その選択を常にはっきりと意識しなければならないが、当面はそれで逃げられるだろう。

シューベルトseligkeitから。
こちらは声としてはほとんど問題は感じない。後は、1番~3番だったかな?歌い方の違いが、歌詞の意味からイメージできるようになれば
本物だろう。

トスティのTormentoは、何といっても最後の節の母音イのひび割れ現象。
声自体を完全にチェンジさせて対応しないと、どうも難しい状態である。
考え方としては、どうやってもひび割れてしまうということが、現在の発声の問題なのだから、今の発声の方法をどういう風に意識しているのか?ということを自身で良く理解して、分析してみることだろう。

ここをこうやって、ああやって、こうなっているという風にもう一度自分の発声の方法を説明できるようにして欲しい。
そこから、どこがどうなってこうなるのか?という答えが導き出せるだろう。
ボイストレーナーなのに他人事みたいに書いているが、さすがにこればかりは本人の感覚が頼りである。
この曲は歌としては、前回よりもはるかに洗練されて表現を考えて来ていた。
最後の声の問題さえクリアできれば、言うことは無い。

ベッリーニMa rendi pur contento
これに限らないが、高い音に跳躍する時、高音側の音程がやや♭になる癖がある。
これはなぜだろう?ただ、以前うるさく言ったずり上げる癖がなくなっているので、その辺りが原因かもしれない。
後は中音域はもっと厚みのある声が出るのだから遠慮せずに厚みのある、豊かな響きを出して欲しい。
メゾとかソプラノとかいうことはまったく関係ないことである。

わきくろまるさん

発声練習は下降形で2点Dから始めた。

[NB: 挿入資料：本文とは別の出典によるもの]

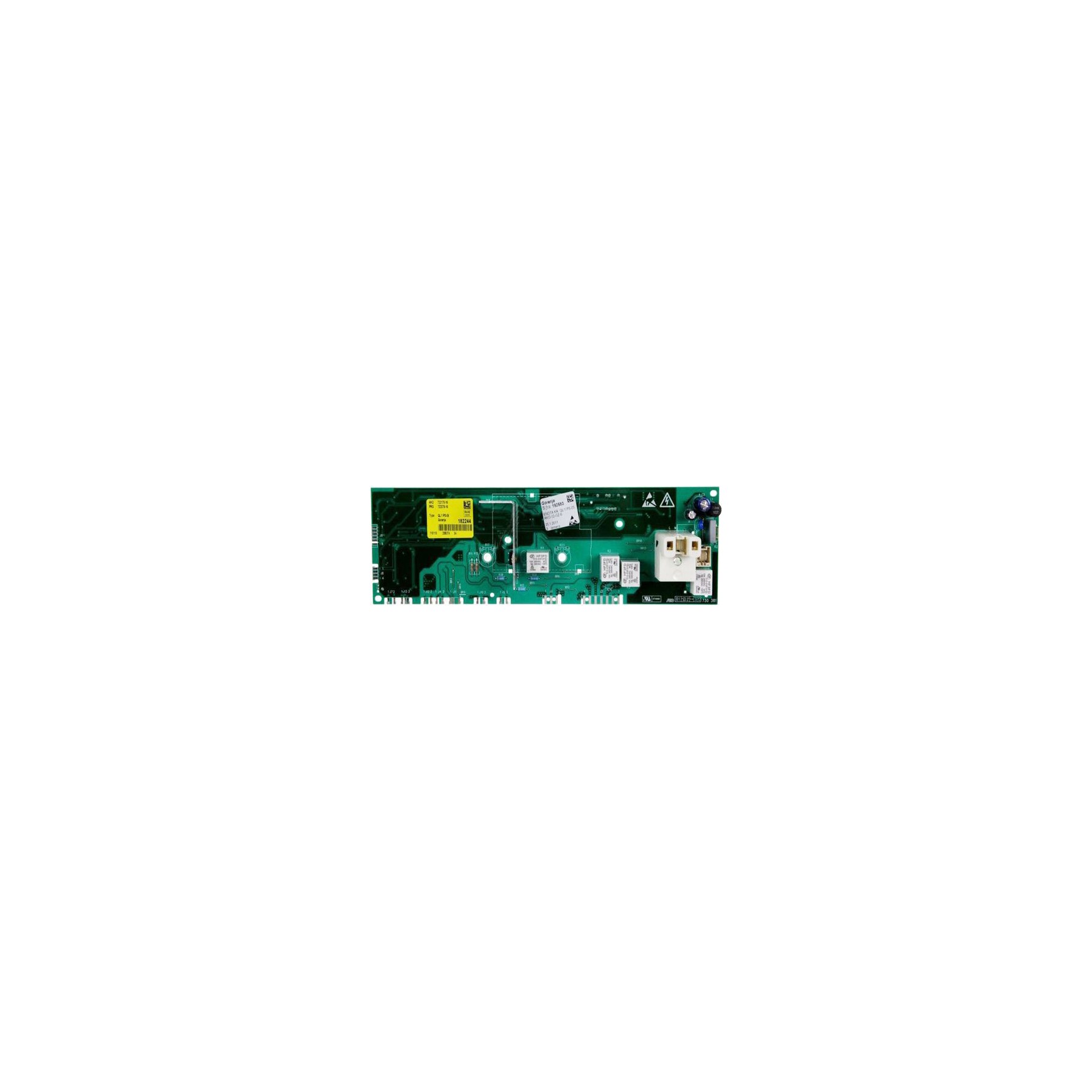 Carte GORENJE module de controle ps-05 q/1 ako-12-gz-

少し上がって降りるように。
彼女は抑えた声に拘っているのだが、実に美しい良い声を出す。
何より柔らかくて支えが効いている。
2点Gくらいから少し締めるというか、声帯を合わせようとするのが聴いて取れるのだが、あまり気にならない。
それでも3点Cまで良い調子で出せている。

少し残念なのが、歌になると途端に喉が上がってしまうこと。
発声練習は思い母音のアでやることが多いのだが、恐らくそういう母音の出し始めの感覚と
言葉がついたときの、フレーズの声の出し始めの喉のポジションに感覚的な相違が大きいのだろう。

逆に言えば、アだと上手く行くのなら、他の母音や子音がついても、いつも喉をそのアで上手く行く感覚を応用して
出すようにしてみて欲しい。
ただ一点、喉が上がってしまうことだけである。
声質そのものの、方向性は悪くないと思う。

もう一点は、仮に抑えた中高音域が上手く出せると、今度はフォルテの声への切り替えがどうも上手く行かないこと。
今日は結構何度もやり直して中高音域のフォルテの声を練習した。
何か怖がって、奥にこもって入ってしまう。
どうもまだまだ喉が緊張してしまうようである。

強声は、喉を緊張させないことと、息の力で出そうとすることである。
喉を緊張させると、喉自体をぎゅっと閉めて呼気の力でそこを爆発的に開けようとして出すから、喉を痛めるのである。
緊張しないで、喉がリラックスしていれば、後はお腹の呼気の力だけを使えば自然に出る、と思って出すのである。
エヤイなども声が当たりやすいが、彼女にそれをやらせようとすると、どうもかえって締めてしまって良くないようであった。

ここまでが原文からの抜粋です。